Important LDAP settings are listed below:

  • ldap.hosts - Space-separated list of ldap servers
  • ldap.timeout - Timeout, in seconds, before the next server in the list of ldap.hosts is tried.
  • ldap.cert_file - Path to TLS certificate.
  • ldap.cacert_file - Path to TLS certificate chain file.
  • ldap.cacert_dir - Path to directory of TLS certificates.
  • ldap.bind_uname - Username of LDAP bind user.
  • ldap.bind_pw - Password for bind user.
  • ldap.user_search_dn - Search string for use in resolving a user DN.
  • ldap.uid_attr - LDAP attribute name for the userid.
  • ldap.mail_attr - LDAP attribute for the user’s email address.
  • ldap.require_group - Groupname if group membership is required.
  • ldap.require_attr - LDAP attribute name that must be valued, if listed, for LDAP eligibility.
  • ldap.uname_attr - LDAP attribute indicating user’s system username.

Self Registration

In this workflow, users register for an account by filling out some basic user information after validating their email address.

Registration Whitelist

The registration.type setting, if set to whitelist will enable the administrator to restrict the ability to register to a specific list of users. This setting may be applied when either registration workflow is used. The “Manage Whitelist” link in the administrative menu will allow the administrator to manage this list.

CloudController Integration

Each SCM installation will have at least one cloudcontroller instance. Each cloudcontroller that the portal will communicate with needs to be listed in the cloudportal.ini file with its particular id.
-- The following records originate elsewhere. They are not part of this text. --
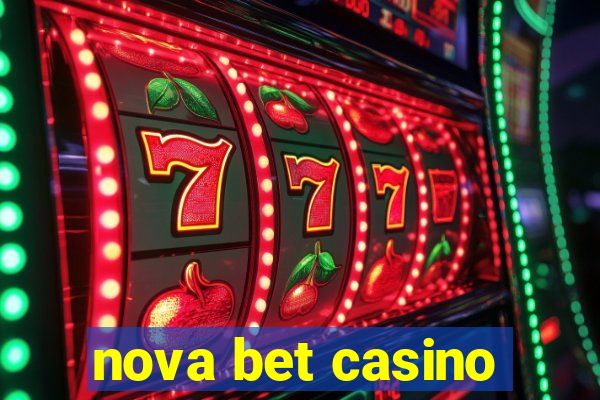 nova bet casino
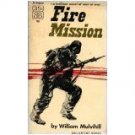 Fire Mission by William Mulvihill (Book) 1957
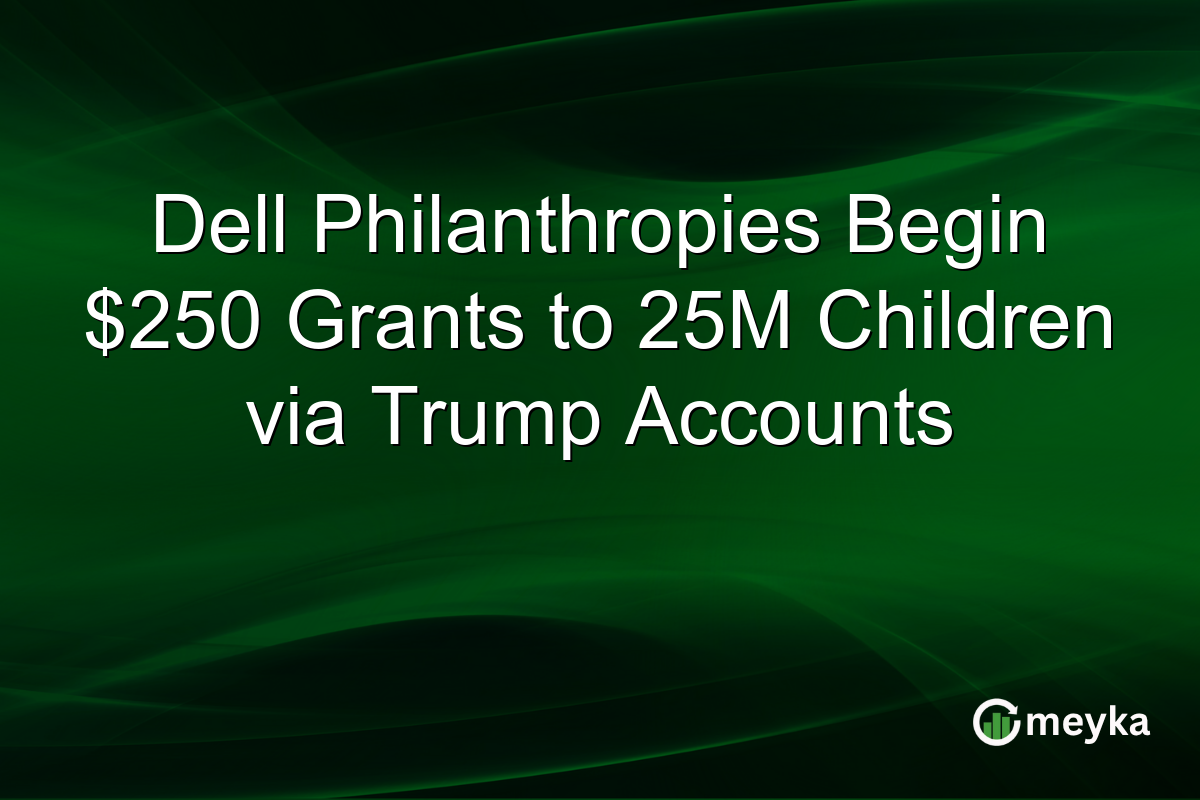 Dell Philanthropies Begin $250 Grants to 25M Children via Trump Accounts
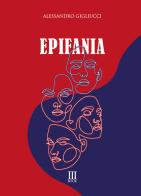 Epifania di Alessandro Gigliucci edito da N.M. Book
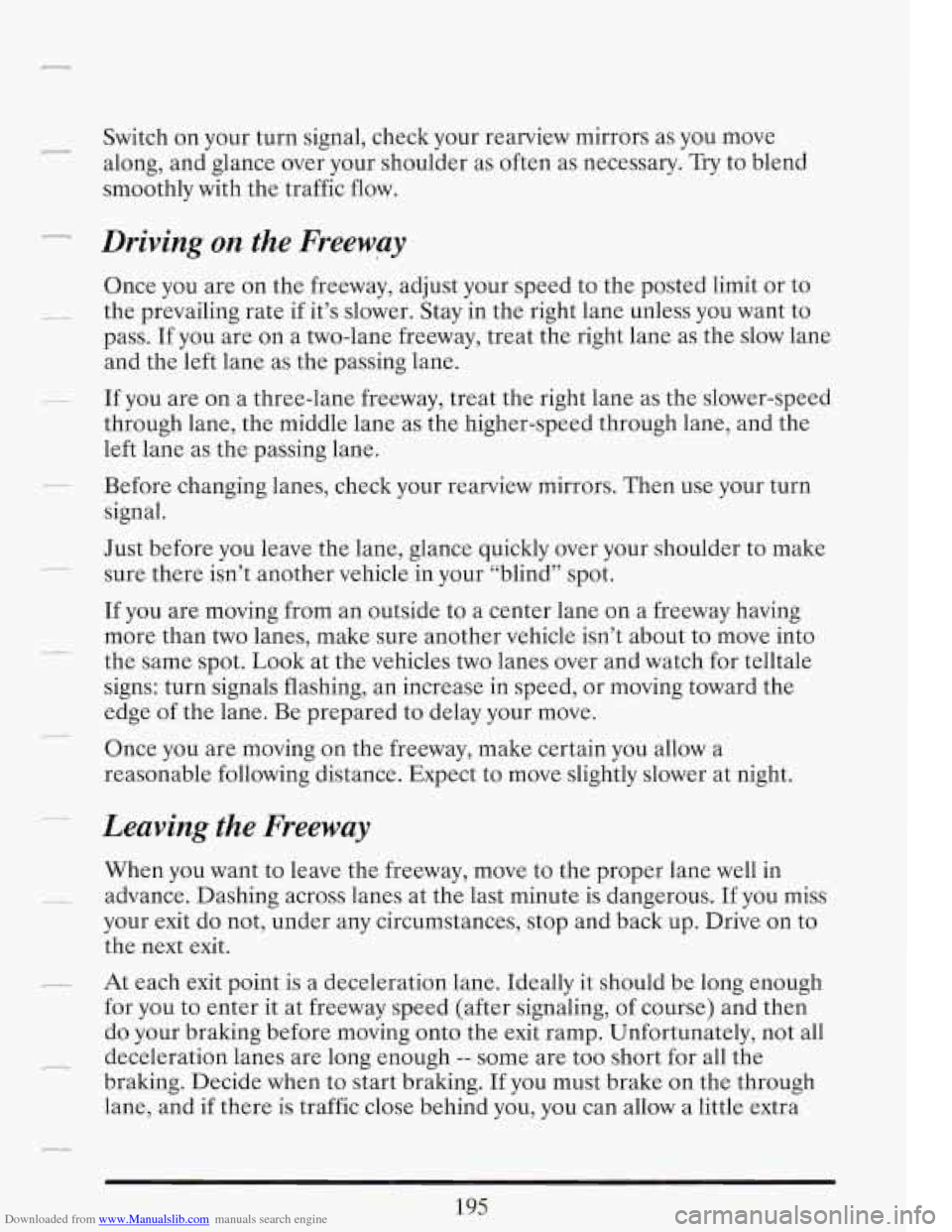 CADILLAC FLEETWOOD 1993 2.G Owners Manual Downloaded from www.Manualslib.com manuals search engine r 
Switch on your  turn signal, check your rearview  mirrors as you  move 
along,  and glance over your  shoulder as often  as necessary. 
Try 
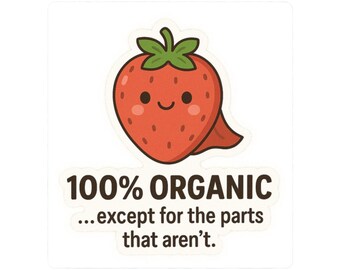 May include: A square sticker with a cartoon strawberry wearing a cape. The text says "100% ORGANIC...except for the parts that aren't."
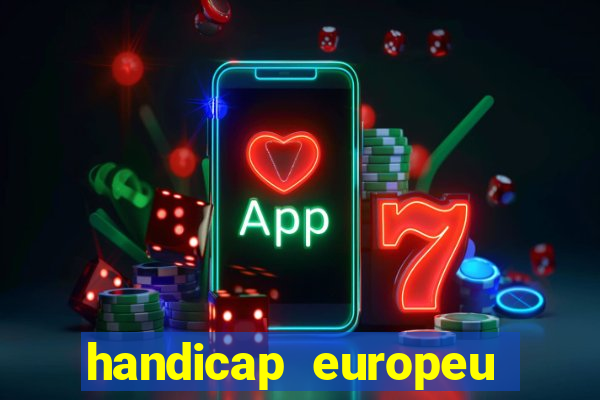 handicap europeu empate 1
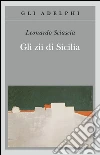 Gli zii di Sicilia Gli zii di Sicilia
  • cloudcon.<id>.driver - Leave this setting “scm”. Other values are strictly for testing.
  • cloudcon.<id>.name - The name displayed in the portal for this cloudcontroller.
  • cloudcon.<id>.description -The description of this cloudcontroller.
  • cloudcon.<id>.api_version - Cloudcontroller API version number.
  • cloudcon.<id>.api_endpoint - hostname:port for the cloudcontroller
  • cloudcon.<id>.api_ssl - Whether or not the cloudcontroller uses SSL.
  • cloudcon.<id>.report_queues - A space-separated list of scheduler queues to be visible in the portal, if supported (i.e. cluster integration exists)

Other SCM Options

Other options include the ability for SCM to support integrated storage and support for ssh key management when supporting public key access to VMs. Relevant settings are listed here:

  • scm.ssh_key_mgmt - Support for ssh key management
  • scm.storage_mgmt - Support for storage integration.
  • scm.cc_storage_driver - Type of storage support.